Leandro recently gave us a first-hand look at his design process when he gave us a tour of his New York City apartment, a space he shares with boyfriend Patrick McGrath, a visual merchandiser for Armani.
“When Patrick and I moved in together, we didn’t buy anything,” explains Leandro. “We tried to find ways to make the things we already owned work together.” Any couple that has ever undergone the dreaded “marriage of possessions” (and come out the other end intact) can attest to the relationship strain an ugly armchair can ignite. But this couple managed to avoid all the usual pitfalls, marrying Leandro’s contemporary style with McGrath’s love of antiquities and Old Masters, by making a few smart design tweaks.
In the dining area, for instance, the original white laminate top of a classic Saarinen table was swapped for a slab of sleek black Nero Marble instead. Dining chairs, which originally belonged to Leandro’s grandmother and were shipped from Venezuela, were recovered in soft black leather. And in lieu of a big, statement light fixture, a simple swivel lamp by New York designer Billy Cotton was affixed to the wall. When not in use during meal times, the fixture doubles as task lighting, swinging to hang above the kitchen bar (left) or to shine on the Dogon African mask on display (right).
Similar alterations can be seen in the sitting area, where two well-loved but mismatched sofas were redressed to complement each other—one, reupholstered in rich mahogany-tone velvet; the other, draped in an Italian linen sheet. The most noticeable change, however, wasn’t made to the furnishings but to the apartment’s layout. Leandro widened the doorframe between the living area and bedroom, replacing the single door with a set of French doors instead.
“It actually wasn’t a huge investment,” says Leandro of the three-day project. “But going from a regular door to French doors, with all that glass, added so much light to the bedroom. It really changed the feel of the whole apartment.”
It also helps that the couple chose a neutral palette— rich browns and soft tans, stark whites and subtle beiges—a design tactic Leandro recommends to all his clients. “We [Ariel and I] use a lot of neutrals, blacks and whites, in our projects,” he says. “It gives you a clean canvas to start from, and then you can work from there.”
What this space lacks in color, however, it makes up for in layers-upon-layers of gorgeous texture: a shaggy Moroccan wool rug lays next to a tightly woven straw rug shot through with leather; light linens are contrasted with heavy velvets; and wood grains play against marble, concrete and stone accents.
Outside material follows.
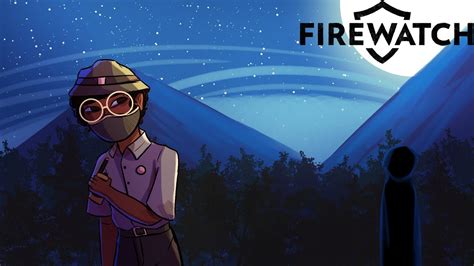 ELES TÃO DE OLHO EM NOIS Firewatch Parte 2 YouTube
“I used a lot of natural textures because it felt very contemporary but not fussy; very light, elegant and comfortable,” explains Leandro, a sentiment that feels like a fitting description of not only the textural mélange but the inviting apartment itself.
“At the end of the day, I wanted to be in a space full of the things I love,” he says. “The art on the walls, the furniture that was inherited from family, these are what make this apartment feel like home.”